How do members join a Forum?

By applying for Tendrel membership (apply HERE), members are either placed in a local Forum, or supported by staff to find other social entrepreneurs in their city and launch a new Forum. Members are placed in an existing Forum after they have met with the local Champion or Moderator and a mutual fit is established.

What is the time commitment to be in a Forum?

In order for a Forum to provide value to all members, each member must be committed to regular attendance and willing to make it a priority against their many other obligations. Each Forum sets their own understandings of attendance requirements, but attendance is taken seriously for the good of the entire group. Most Forums hold meetings once a month, for 2-3 hours. In some Forums, participation over video conference (to accommodate travel) is permitted.

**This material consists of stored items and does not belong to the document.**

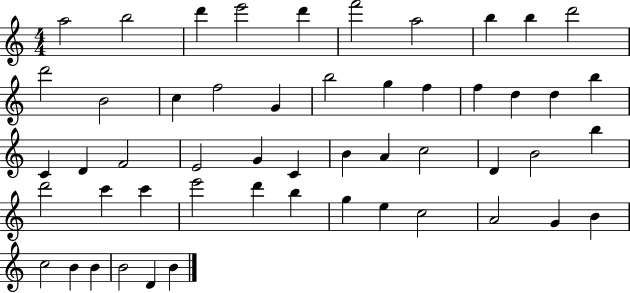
{
  \clef treble
  \numericTimeSignature
  \time 4/4
  \key c \major
  a''2 b''2 | d'''4 e'''2 d'''4 | f'''2 a''2 | b''4 b''4 d'''2 | \break d'''2 b'2 | c''4 f''2 g'4 | b''2 g''4 f''4 | f''4 d''4 d''4 b''4 | \break c'4 d'4 f'2 | e'2 g'4 c'4 | b'4 a'4 c''2 | d'4 b'2 b''4 | \break d'''2 c'''4 c'''4 | e'''2 d'''4 b''4 | g''4 e''4 c''2 | a'2 g'4 b'4 | \break c''2 b'4 b'4 | b'2 d'4 b'4 | \bar "|."
}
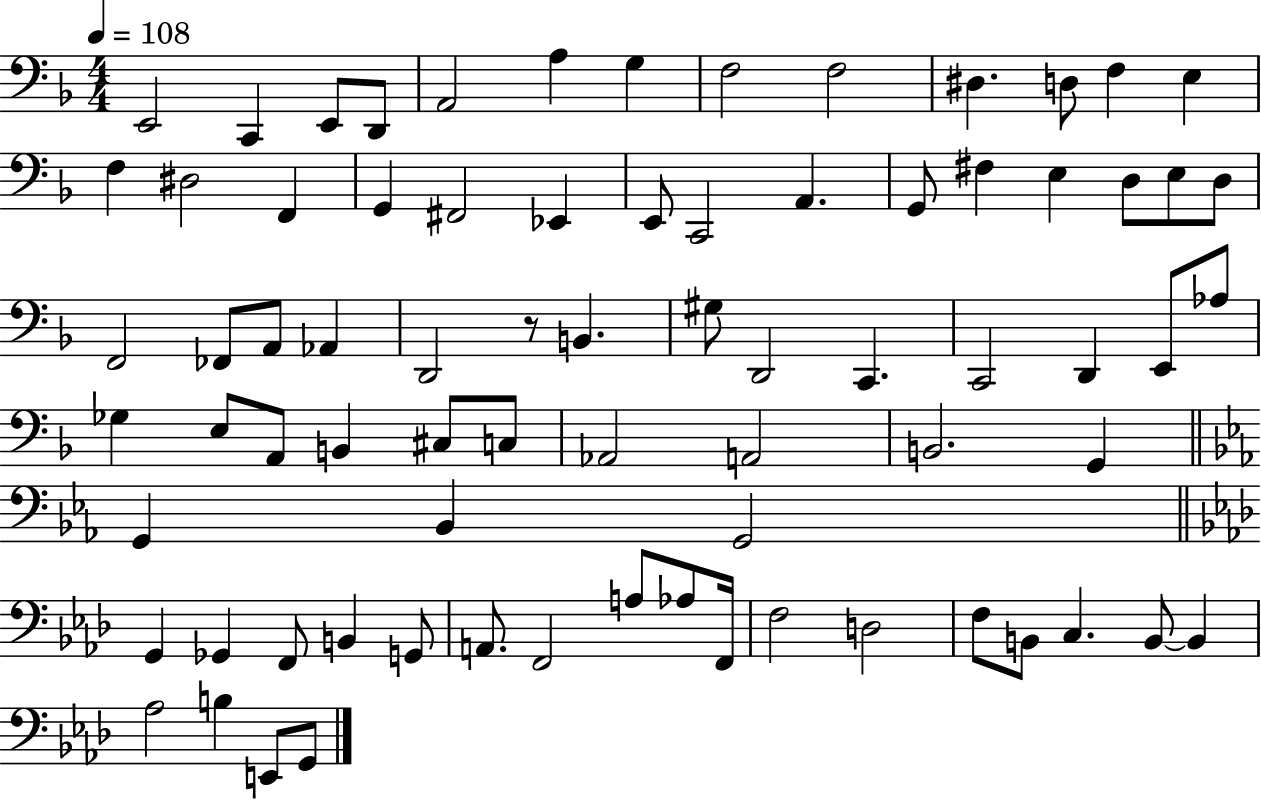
X:1
T:Untitled
M:4/4
L:1/4
K:F
E,,2 C,, E,,/2 D,,/2 A,,2 A, G, F,2 F,2 ^D, D,/2 F, E, F, ^D,2 F,, G,, ^F,,2 _E,, E,,/2 C,,2 A,, G,,/2 ^F, E, D,/2 E,/2 D,/2 F,,2 _F,,/2 A,,/2 _A,, D,,2 z/2 B,, ^G,/2 D,,2 C,, C,,2 D,, E,,/2 _A,/2 _G, E,/2 A,,/2 B,, ^C,/2 C,/2 _A,,2 A,,2 B,,2 G,, G,, _B,, G,,2 G,, _G,, F,,/2 B,, G,,/2 A,,/2 F,,2 A,/2 _A,/2 F,,/4 F,2 D,2 F,/2 B,,/2 C, B,,/2 B,, _A,2 B, E,,/2 G,,/2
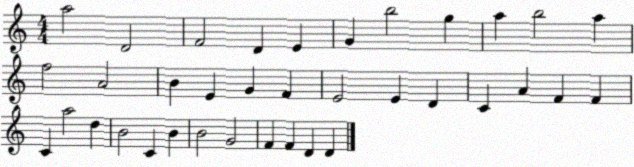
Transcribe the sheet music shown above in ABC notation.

X:1
T:Untitled
M:4/4
L:1/4
K:C
a2 D2 F2 D E G b2 g a b2 a f2 A2 B E G F E2 E D C A F F C a2 d B2 C B B2 G2 F F D D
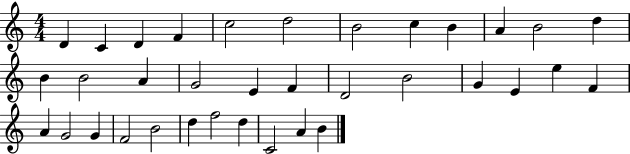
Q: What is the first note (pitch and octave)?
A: D4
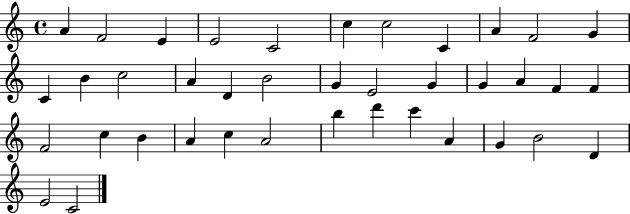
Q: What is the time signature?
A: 4/4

What happens in Forum training?

Forum training is a four-hour workshop for all members on understanding the tenants and protocol of Forum, including group alignment on confidentiality, training on how to speak from experience versus advice-giving, and the importance of personal responsibility to show up fully for the experience with peers. It brings the group together to create the trusted space for open discussions. The Moderator of the Forum will receive a separate training on how to hold the space and be an effective leader.  

What is the structure of a Forum meeting?

A typical Forum meeting includes the same structure for each meeting, but can be adapted according to the interests and needs of the Forum members. Meetings start with updates from all members-- these updates provide a parking lot of topics feeding into presentations by one member. One or two presentations or “deep dives” on a specific challenge or opportunity from one member occur each meeting. Other reflection activities, brainstorms, or ice breakers occur throughout the rest of the meeting, which is usually about four hours.

What kinds of themes or topics are discussed in Forum?

Any personal or professional topic important to a member may be discussed. Other members of the group share their own experiences in dealing with similar challenges, to help the member find their own path forward. The question “What’s keeping you awake at night?” is often used to determine what topics are most pressing.



“Tendrel immediately resonated with me. I’m part of other entrepreneur networks, but none have a local component with ongoing engagement.

This is a place where I can connect with other like-minded people who are having similar struggles." 

- Sasha Chanoff, Founder and Executive Director of RefugePoint

“I have wonderful friends, but none of them really understand what I do. They say that I work too hard and I should be getting rich instead.  But I get to live with what I love, and my Forum keeps me enthusiastic. We learn together, we share experiences and we help each other.”

- Carolina Nieto, Founder of Saber Para La Vida 

“You can learn so much from people w similar experiences, but our experiences as social entrepreneurs are not so common. We’re constantly confronting questions about things like succession planning, hiring challenges, messaging, and organization structure, but with a different approach than for-profit organizations.

- Mathis Wackernagel, Founder and CEO, Global Footprint Network

“As social entrepreneurs, it’s usually not in our DNA to want a ton of attention, so it can be pretty lonely. We’re all out there pushing so hard in the world. Bringing people together who are of a similar mindset is invaluable to me. We all have to fight battles, and this organization sustains us. You don’t have to be alone.”